- [Supplied information]:
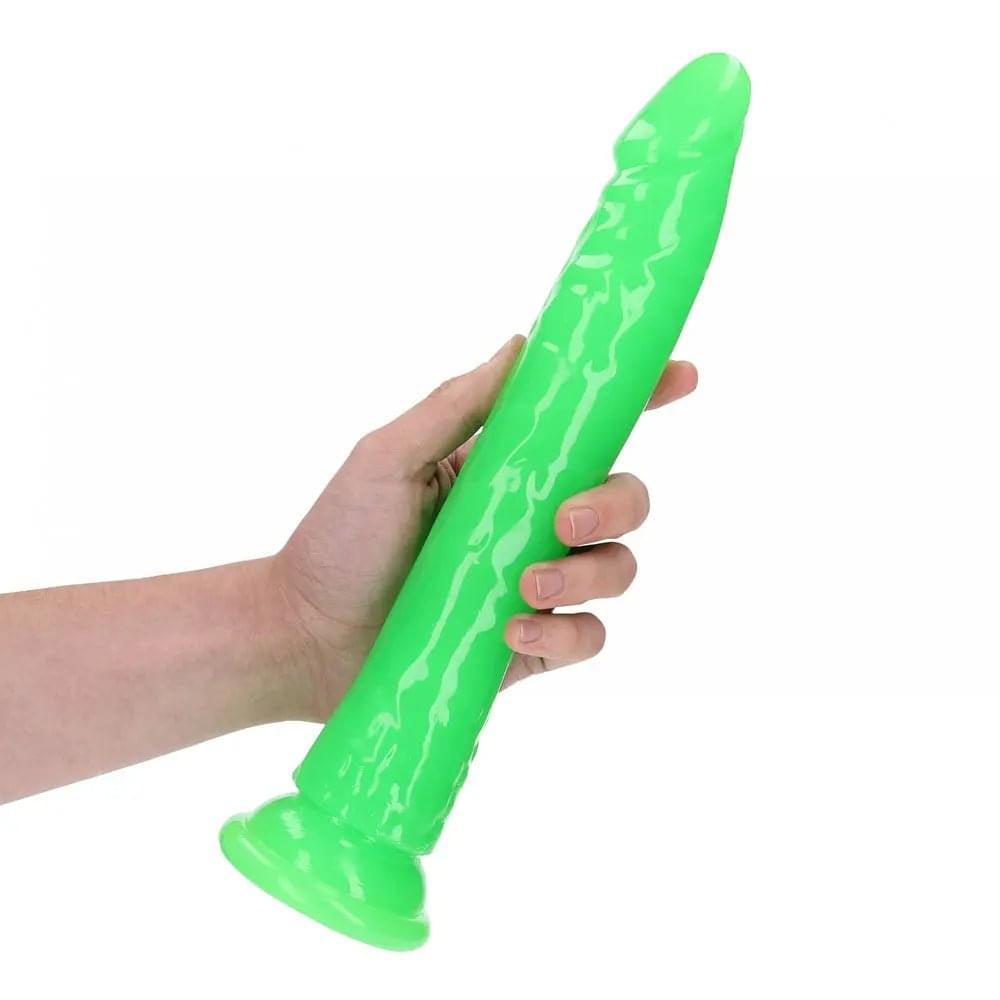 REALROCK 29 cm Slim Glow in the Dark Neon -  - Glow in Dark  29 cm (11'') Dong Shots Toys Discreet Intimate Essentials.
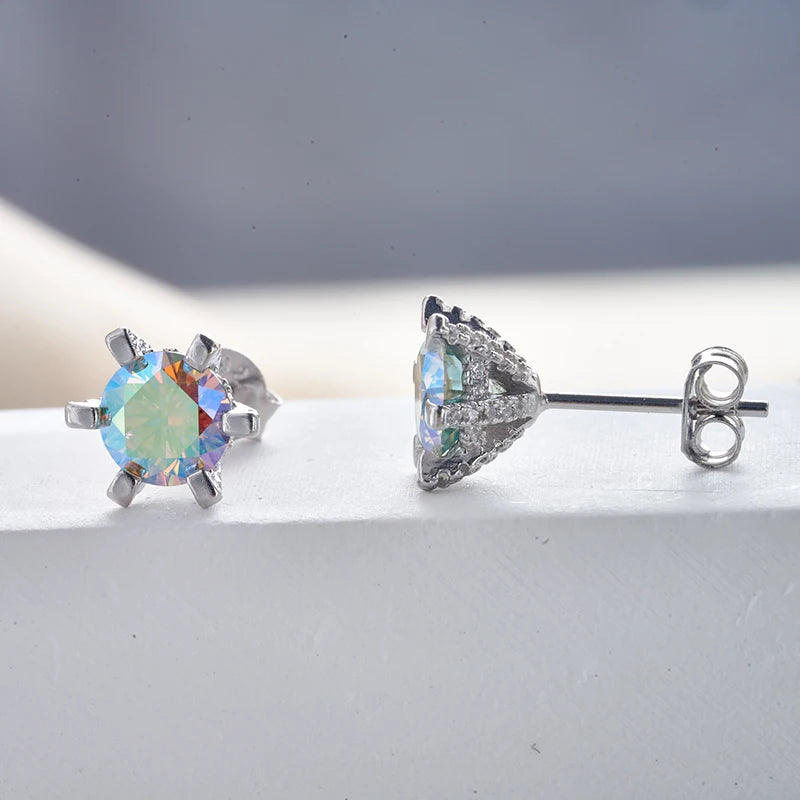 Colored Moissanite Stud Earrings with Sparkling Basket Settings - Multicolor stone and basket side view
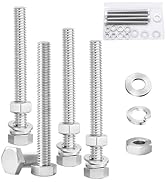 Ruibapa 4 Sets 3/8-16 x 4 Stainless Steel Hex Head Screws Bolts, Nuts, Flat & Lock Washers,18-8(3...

- [Your task]:
Line by line, write out the data above exactly, without the pictures.

- [Response box]:
 REALROCK 29 cm Slim Glow in the Dark Neon -  - Glow in Dark  29 cm (11'') Dong Shots Toys Discreet Intimate Essentials.
 Colored Moissanite Stud Earrings with Sparkling Basket Settings - Multicolor stone and basket side view
 Ruibapa 4 Sets 3/8-16 x 4 Stainless Steel Hex Head Screws Bolts, Nuts, Flat & Lock Washers,18-8(3...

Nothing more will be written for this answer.